Böyle olacağını biliyorduk. Geçen yılın aynı döneminde yaşanan kur şoku nedeniyle enflasyon hızla ve her zamankinden çok daha yüksek bir düzeye fırlamıştı. Bu sene benzer bir şok olmadığı koşullarda enflasyonun geçen yılın aynı dönemine kıyasla daha düşük çıkacağını biliyorduk. Bugün bir teknik gerçeği daha biliyoruz, baz etkisi nedeniyle bu dönem enflasyonun geçen yıla göre daha düşük olduğu gibi baz etkisi kalkacağı için gerçeğe daha yakın yani daha yüksek olacak.

Enflasyondaki bu göreceli düşüş herhangi bir politika değişikliği veya başarısından kaynaklı değil. Uluslararası karşılaştırmalara göre veya tarihsel olarak yüksek olan enflasyona yol açan düzen değiştiği için düşmedi enflasyon. Geçen yıl aniden yükseldiği için o yüksekliğe kıyasla düştü. Bir diğer deyişle, enflasyon baz etkisi nedeniyle düştü.
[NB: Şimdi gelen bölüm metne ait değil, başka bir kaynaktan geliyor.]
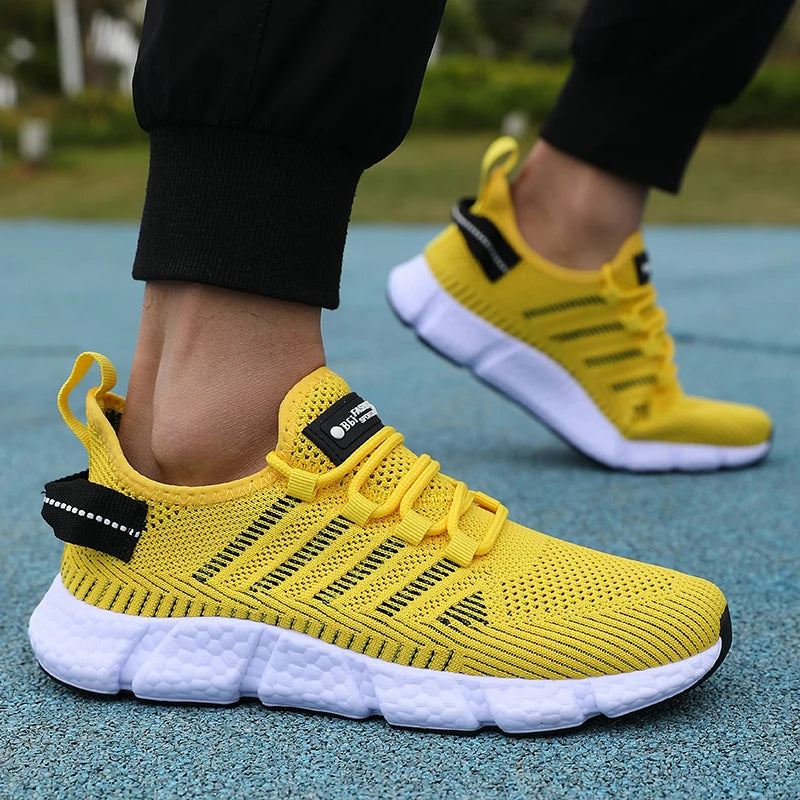 Men’s Summer Running Shoes – Breathable Mesh, Soft Sole, Outdoor Sneakers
Bildiklerimiz bununla sınırlı değil. Bu düşüşü iktidarın ve rejimin başarısı olarak sunacak, tartışmayı vatandaşın yaşadığı hayat pahalılığı gerçeğinden kopartarak bir algı üzerinden rejime başarı mal etmeye çalışacak bir siyasetle karşılaşacağımızı da biliyorduk. Zira gerçeklik-ötesi siyasetin altın çağında, gerçeklik-ötesi siyaset sahnelerinin her gün rejim tarafından yeniden kurulduğu bir coğrafyada yaşıyoruz.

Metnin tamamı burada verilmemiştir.